▸ TASK STATEMENT
Since only the text is wanted, print every entry below exactly and omit the images.

▸ TASK MATERIAL
>>>
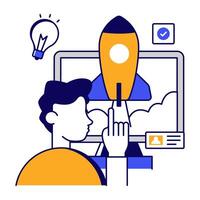 Conceptual design icon of system launch vector
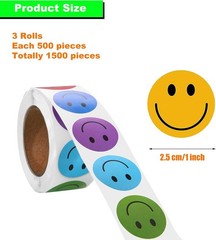 1500 Pcs Happy Smile Face Stickers for Kids,3 Rolls Classroom Incentive Reward D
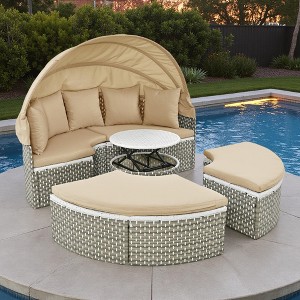 4-Pieces Outdoor Patio Rattan Round Daybed Sunbed with Retractable Canopy and Table - 1 of 4
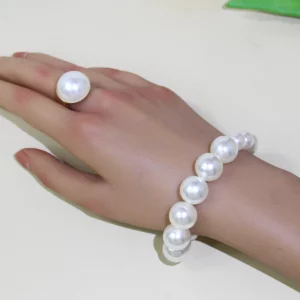 5 Women's Vintage Light Luxury French 5 Piece Imitation Pearl Jewelry Fashion Wedding Earring Bracelet Necklace Ring Set - Image 2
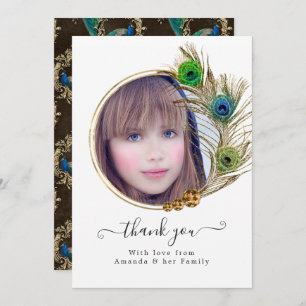 Peacock Floral Quinceañera Bedankkaart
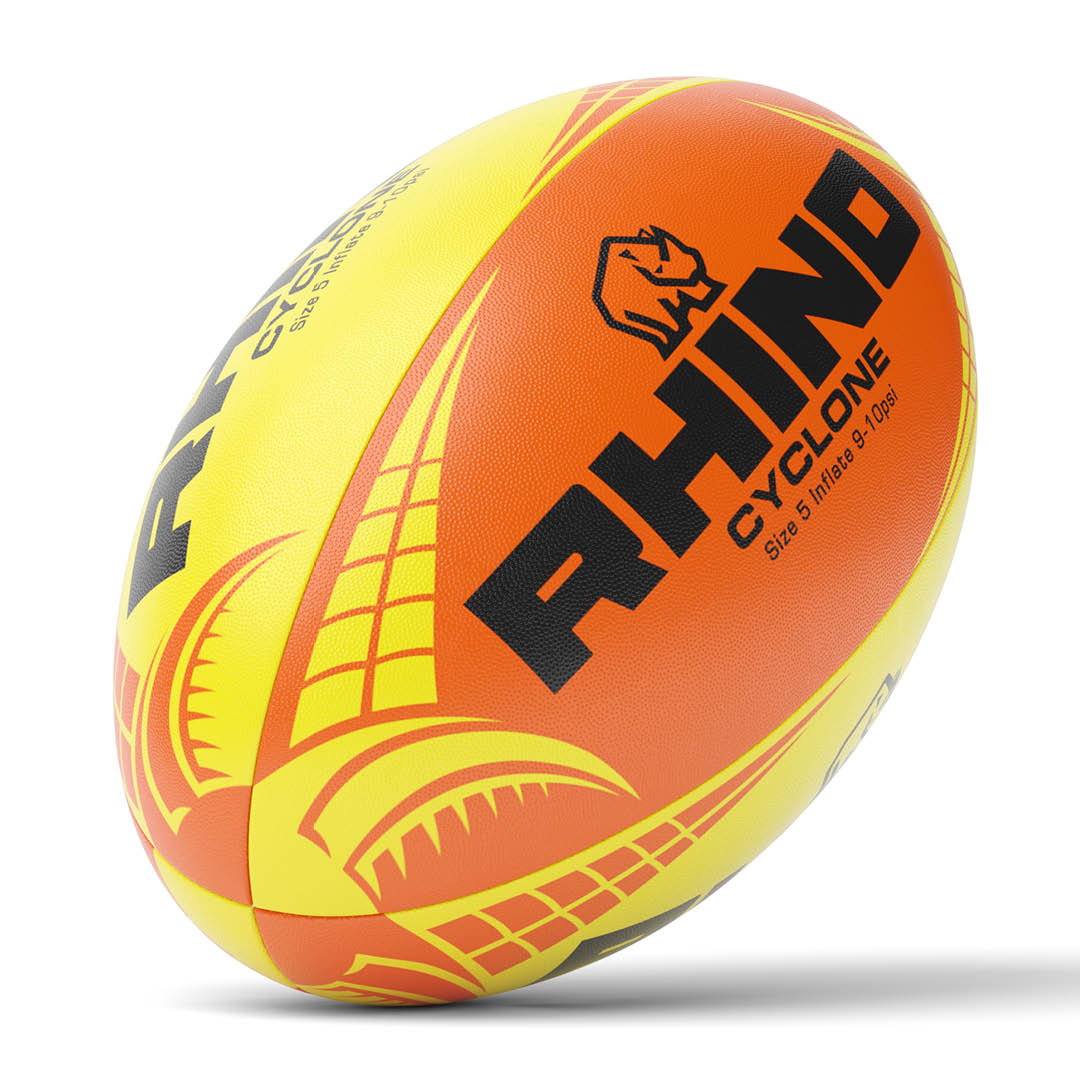 Rhino Cyclone Rugby Ball Yellow/Orange Size 5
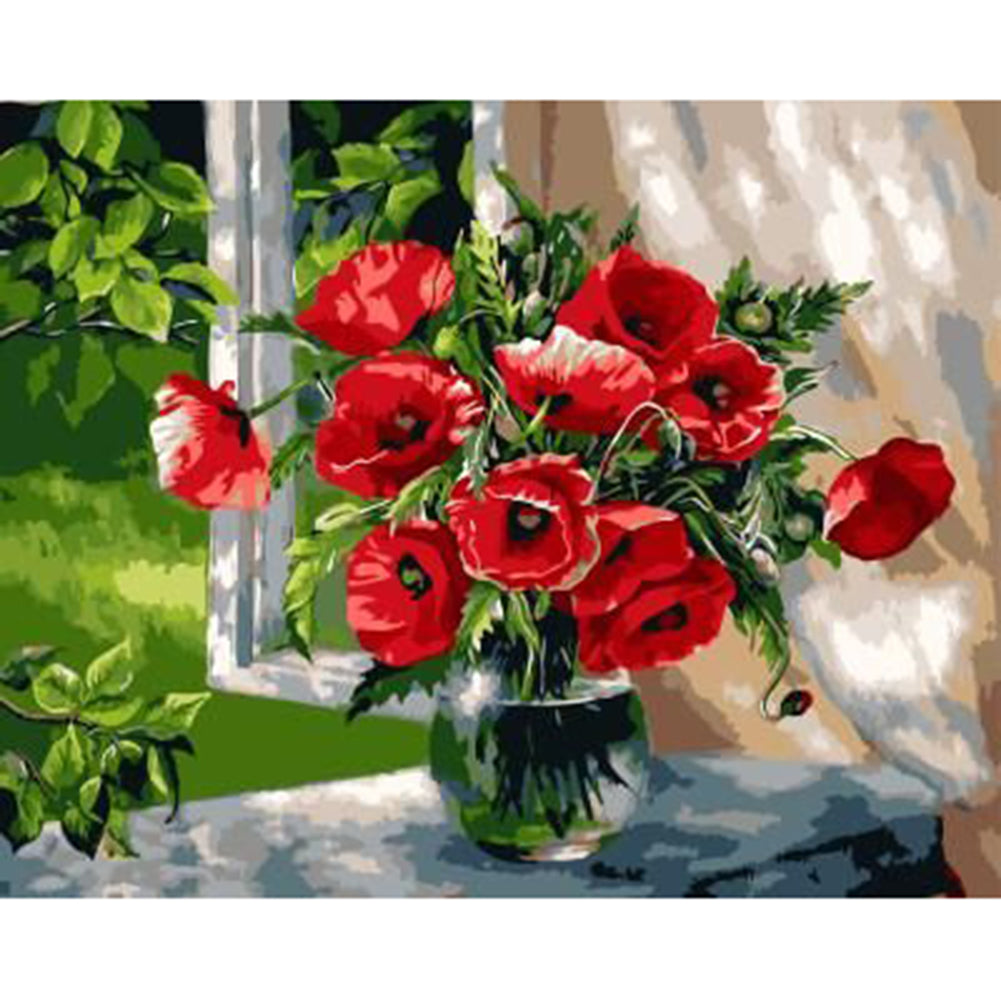 Red Flower - Full Round Drill Diamond Painting 40*30CM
<<<
▸ OUTPUT BELOW
 Conceptual design icon of system launch vector
 1500 Pcs Happy Smile Face Stickers for Kids,3 Rolls Classroom Incentive Reward D
 4-Pieces Outdoor Patio Rattan Round Daybed Sunbed with Retractable Canopy and Table - 1 of 4
 5 Women's Vintage Light Luxury French 5 Piece Imitation Pearl Jewelry Fashion Wedding Earring Bracelet Necklace Ring Set - Image 2
 Peacock Floral Quinceañera Bedankkaart
 Rhino Cyclone Rugby Ball Yellow/Orange Size 5
 Red Flower - Full Round Drill Diamond Painting 40*30CM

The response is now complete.